(What the task asks) An exact, complete copy of the entries is needed, with the pictures left out.

Source records
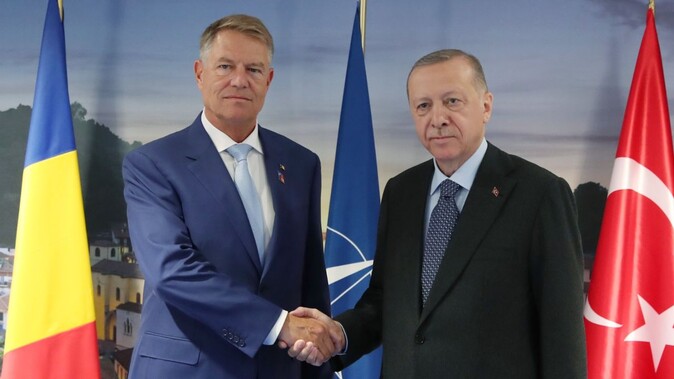 Erdoğan Romanyalı mevkidaşıyla görüştü: Gündemde NATO genel sekreterliği var
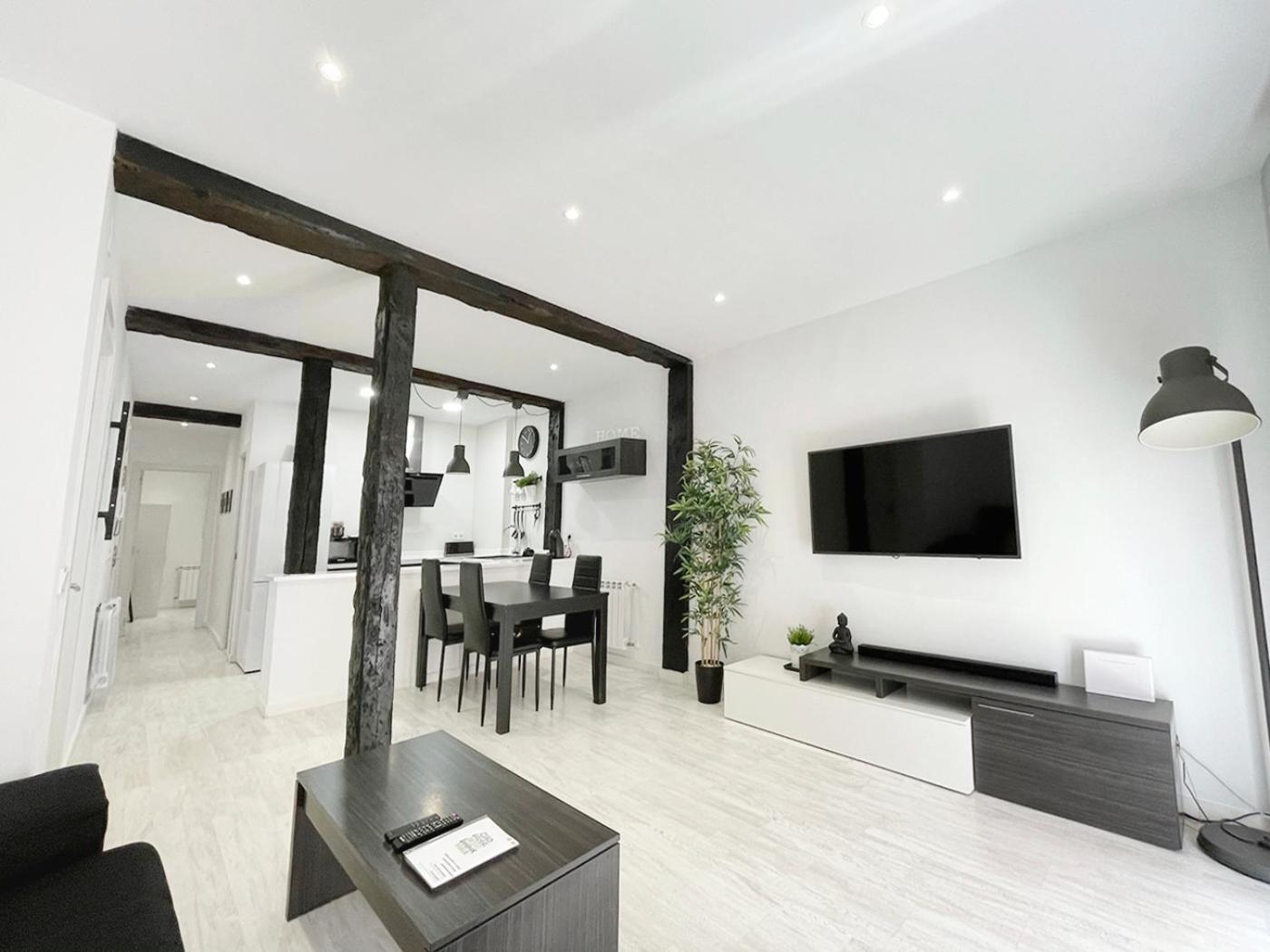 Luminoso Apartamento En Pleno Centro De Santander Zewnętrze zdjęcie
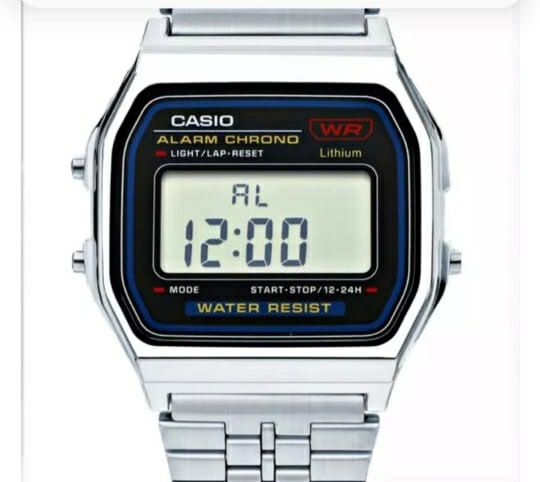 Электронные наручные часы Casio, супер цена.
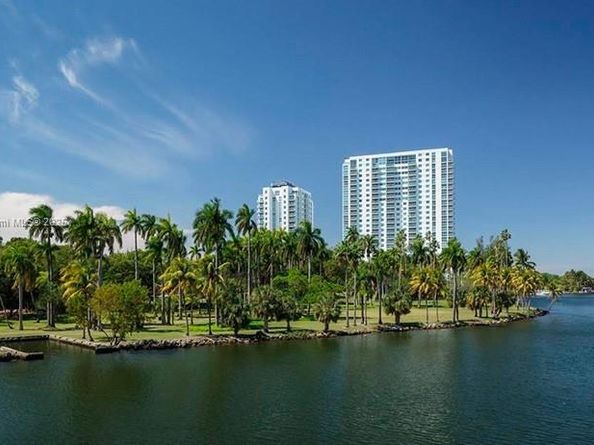 1861 NW S River Dr 2608, Miami FL 33125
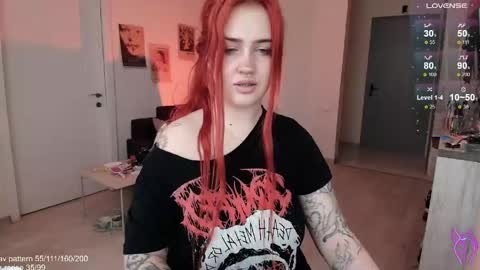 Snapshot of gothkittys chatting on 05.06.26 traumfrau Kira angel face devil eyes I SELL A LOT VIDEO IN GALLERY online show from 05.06.26
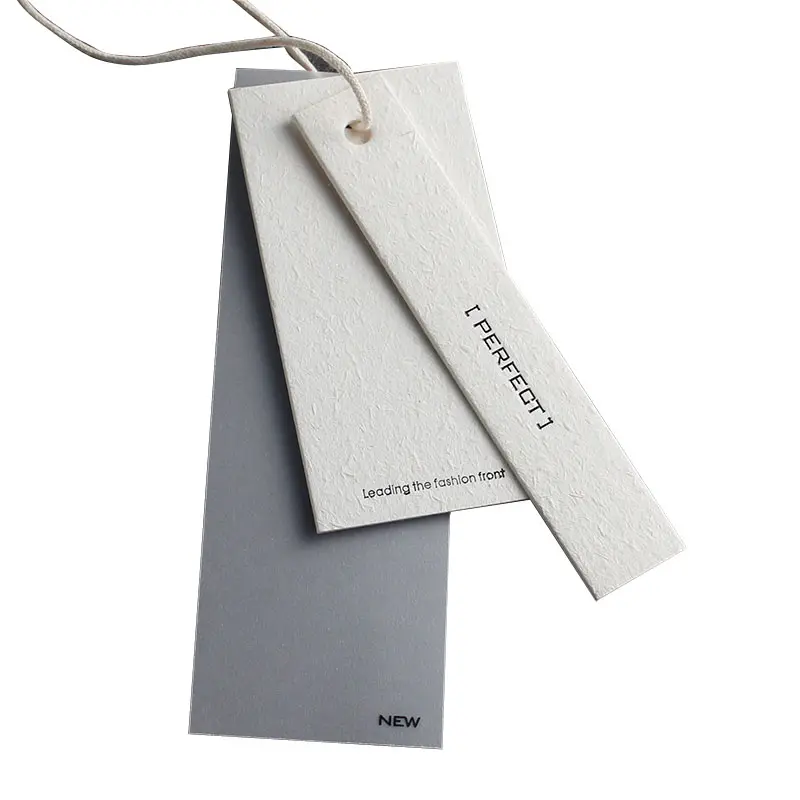 फैक्टरी थोक ब्रांड नाम लोगो अनुकूलित मूल पारिस्थितिक प्राकृतिक शैली कागज hangtag स्विंग कपड़ों के लिए टैग लेबल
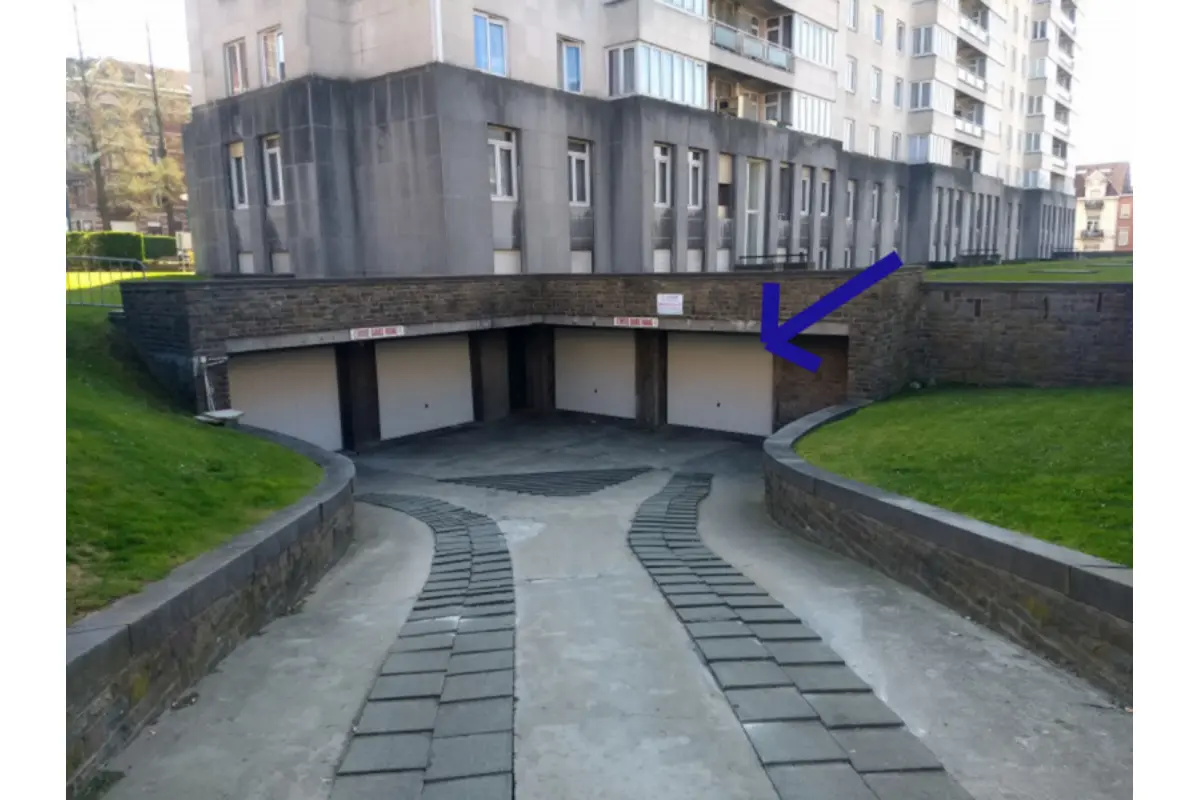 Parking te  huur in Brussel 1000 109.00€  slaapkamers m² - Zoekertje 341725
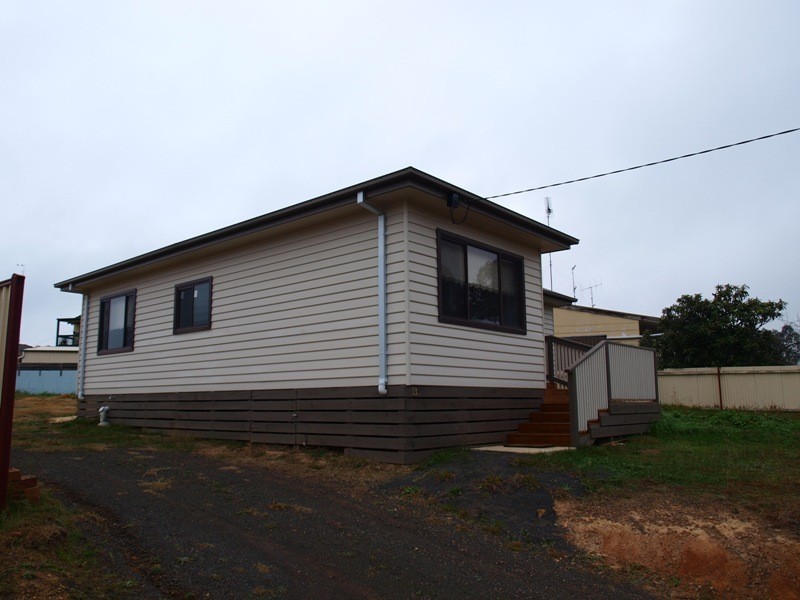 13 Catherine  Court, Broadford VIC 3658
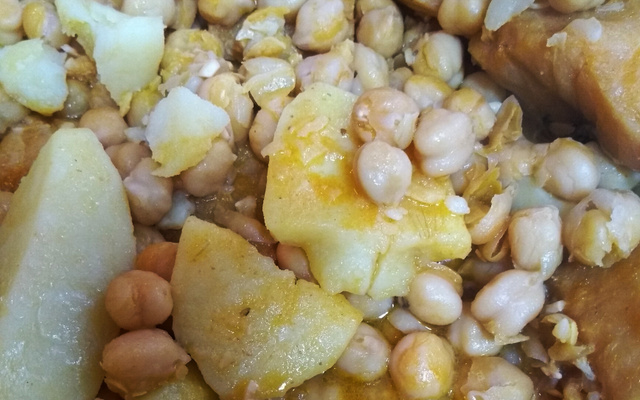 Bacalhau com grão-de-bico ensopado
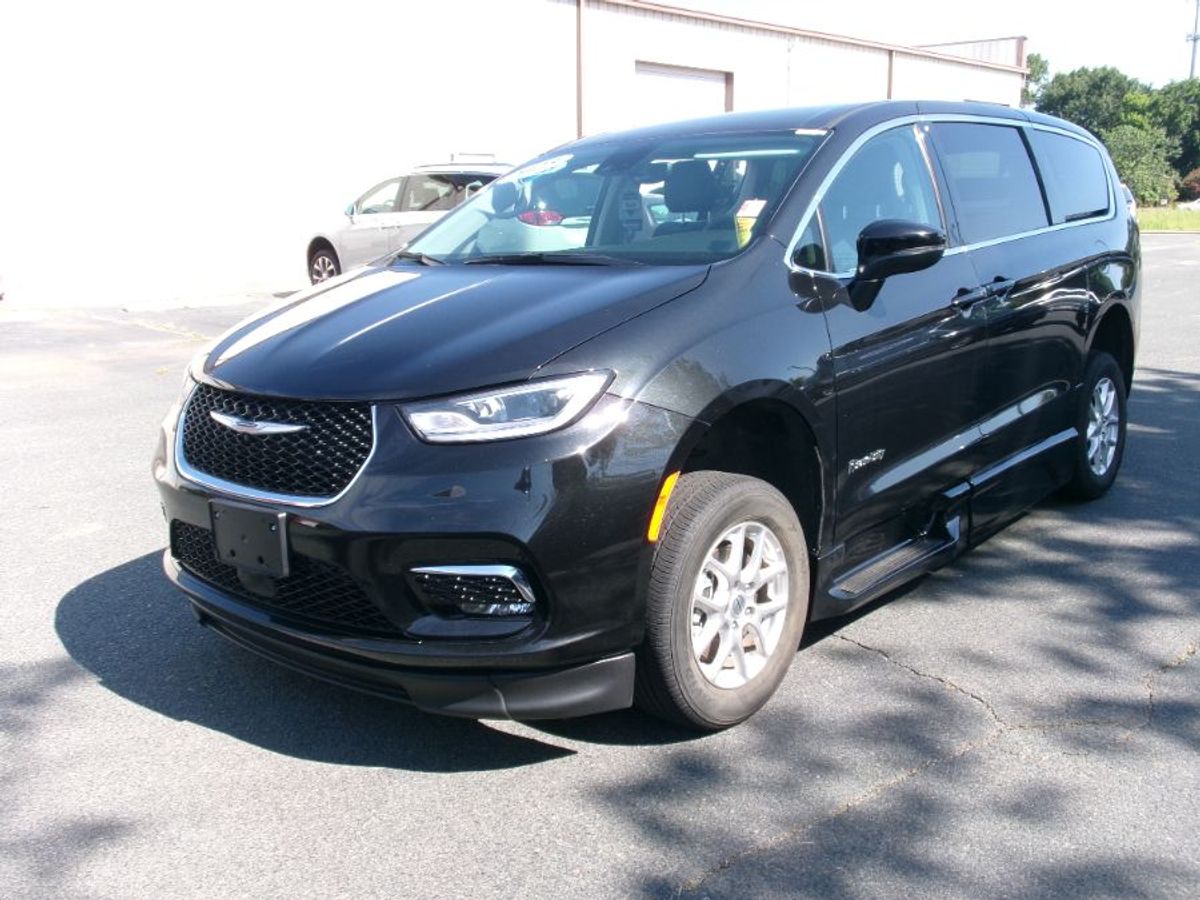 2023 CHRYSLER PACIFICA - Image 3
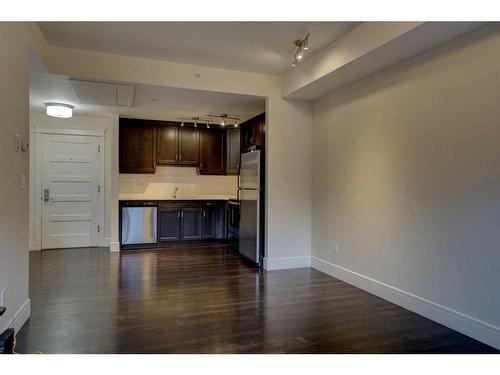 306-808 Spring Creek Drive, Canmore, AB - Indoor Photo Showing Kitchen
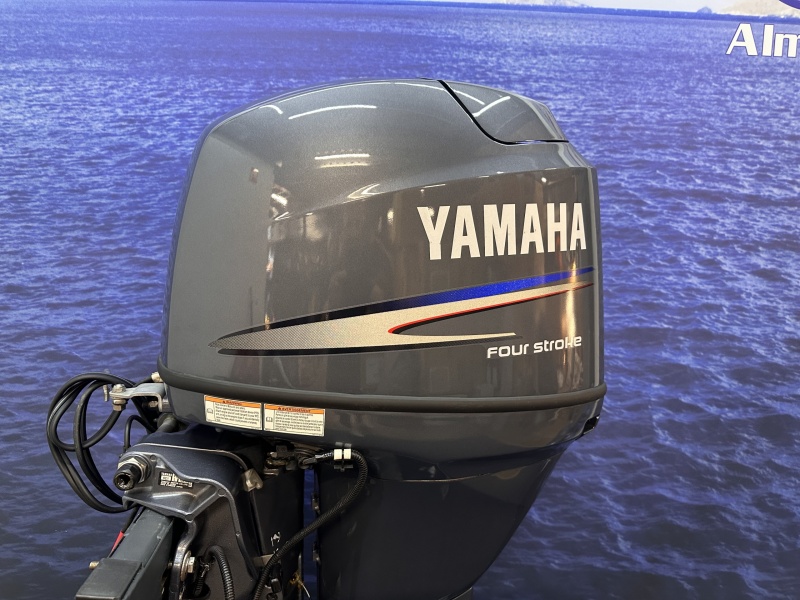 Yamaha 50 pk buitenboordmotor Artnr 1804 Nieuw staat!!!langstaart elektrische start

(Problem solution)
 Erdoğan Romanyalı mevkidaşıyla görüştü: Gündemde NATO genel sekreterliği var
 Luminoso Apartamento En Pleno Centro De Santander Zewnętrze zdjęcie
 Электронные наручные часы Casio, супер цена.
 1861 NW S River Dr 2608, Miami FL 33125
 Snapshot of gothkittys chatting on 05.06.26 traumfrau Kira angel face devil eyes I SELL A LOT VIDEO IN GALLERY online show from 05.06.26
 फैक्टरी थोक ब्रांड नाम लोगो अनुकूलित मूल पारिस्थितिक प्राकृतिक शैली कागज hangtag स्विंग कपड़ों के लिए टैग लेबल
 Parking te  huur in Brussel 1000 109.00€  slaapkamers m² - Zoekertje 341725
 13 Catherine  Court, Broadford VIC 3658
 Bacalhau com grão-de-bico ensopado
 2023 CHRYSLER PACIFICA - Image 3
 306-808 Spring Creek Drive, Canmore, AB - Indoor Photo Showing Kitchen
 Yamaha 50 pk buitenboordmotor Artnr 1804 Nieuw staat!!!langstaart elektrische start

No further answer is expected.